Similar impression one would probably get from the Indian scenario, as well. Notably, despite price control, which is continuing since last five decades, the growth rate of the Indian pharma market, which is dominated by branded generics, remains very impressive.According to the January 2019 report of IBEF: “The country’s pharmaceutical industry is expected to expand at a CAGR of 22.4 per cent over 2015–20 to reach USD 55 billion.” So also the same game, probably!

Conclusion:

It appears, there is certainly a huge reputation or image crisis for the generic drug industry, as such, due to such alleged delinquencies. However, from the business perspective, the manufacturers are still having enough leeway to move on with similar measures, supported by fresh thinking. At the same time, it seems unlikely to have any form of drug price control in the United States, at least, in the foreseeable future. Nevertheless, price pressure due to cut-throat competition could even be more intensive, as it gets reflected even in the US-FDA statements.

Nearer home, the Indian generic drug business has been hit with a double whammy – allegations for dubious drug quality standards, on the one hand, and price manipulation on the other, besides dented reputation and image – widening trust gap with patients and governments.

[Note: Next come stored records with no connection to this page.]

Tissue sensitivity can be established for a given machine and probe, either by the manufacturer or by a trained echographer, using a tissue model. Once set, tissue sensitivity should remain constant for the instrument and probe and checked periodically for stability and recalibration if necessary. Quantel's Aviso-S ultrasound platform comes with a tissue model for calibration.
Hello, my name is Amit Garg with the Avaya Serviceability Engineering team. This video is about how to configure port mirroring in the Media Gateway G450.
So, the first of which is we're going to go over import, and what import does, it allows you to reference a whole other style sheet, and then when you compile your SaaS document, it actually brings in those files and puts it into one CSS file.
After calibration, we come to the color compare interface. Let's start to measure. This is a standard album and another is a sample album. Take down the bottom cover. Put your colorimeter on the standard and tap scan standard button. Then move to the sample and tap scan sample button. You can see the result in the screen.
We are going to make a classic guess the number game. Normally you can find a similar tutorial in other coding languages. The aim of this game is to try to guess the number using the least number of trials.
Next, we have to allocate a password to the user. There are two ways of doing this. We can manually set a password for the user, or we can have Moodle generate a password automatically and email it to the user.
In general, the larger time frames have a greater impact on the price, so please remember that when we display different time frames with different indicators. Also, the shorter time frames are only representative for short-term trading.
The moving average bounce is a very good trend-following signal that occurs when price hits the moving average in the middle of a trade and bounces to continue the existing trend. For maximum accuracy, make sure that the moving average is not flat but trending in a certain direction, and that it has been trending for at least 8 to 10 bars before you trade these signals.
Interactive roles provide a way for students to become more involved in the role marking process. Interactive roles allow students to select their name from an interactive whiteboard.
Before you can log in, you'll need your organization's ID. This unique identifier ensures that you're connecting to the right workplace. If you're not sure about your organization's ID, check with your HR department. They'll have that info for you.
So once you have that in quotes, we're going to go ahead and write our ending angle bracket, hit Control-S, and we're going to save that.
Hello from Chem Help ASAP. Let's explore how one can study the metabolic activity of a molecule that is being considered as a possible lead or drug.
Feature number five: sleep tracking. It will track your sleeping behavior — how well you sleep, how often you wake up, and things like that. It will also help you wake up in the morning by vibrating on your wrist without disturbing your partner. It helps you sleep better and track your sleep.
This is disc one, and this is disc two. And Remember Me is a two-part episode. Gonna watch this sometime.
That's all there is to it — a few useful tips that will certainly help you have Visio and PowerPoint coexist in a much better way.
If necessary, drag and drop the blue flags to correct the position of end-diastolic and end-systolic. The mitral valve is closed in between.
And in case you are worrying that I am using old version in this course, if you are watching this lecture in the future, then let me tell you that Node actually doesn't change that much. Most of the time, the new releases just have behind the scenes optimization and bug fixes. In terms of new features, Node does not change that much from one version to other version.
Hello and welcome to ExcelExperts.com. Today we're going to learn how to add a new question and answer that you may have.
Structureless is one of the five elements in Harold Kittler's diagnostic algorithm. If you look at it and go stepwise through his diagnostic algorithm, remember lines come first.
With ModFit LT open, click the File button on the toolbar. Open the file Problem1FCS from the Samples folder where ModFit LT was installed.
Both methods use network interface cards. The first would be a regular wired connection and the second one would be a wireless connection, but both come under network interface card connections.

Moreover, unlike the best export market even for generic drugs – the United States, India has been following some patchy policy measures for health care, as a whole. The drug price control system is one such. Till a holistic policy on health care is put in place for all, backed by an effective monitoring system, The Indian price control system may remain like a ‘maze’, as it were, with several ways to hoodwink it.

Hence, the ‘cat and mouse game’, albeit in a different format, is likely to continue, until one gets caught, or till all concerned puts their act together – putting patients at the center of the core business strategy.

By: Tapan J. Ray    

Disclaimer: The views/opinions expressed in this article are entirely my own, written in my individual and personal capacity. I do not represent any other person or organization for this opinion.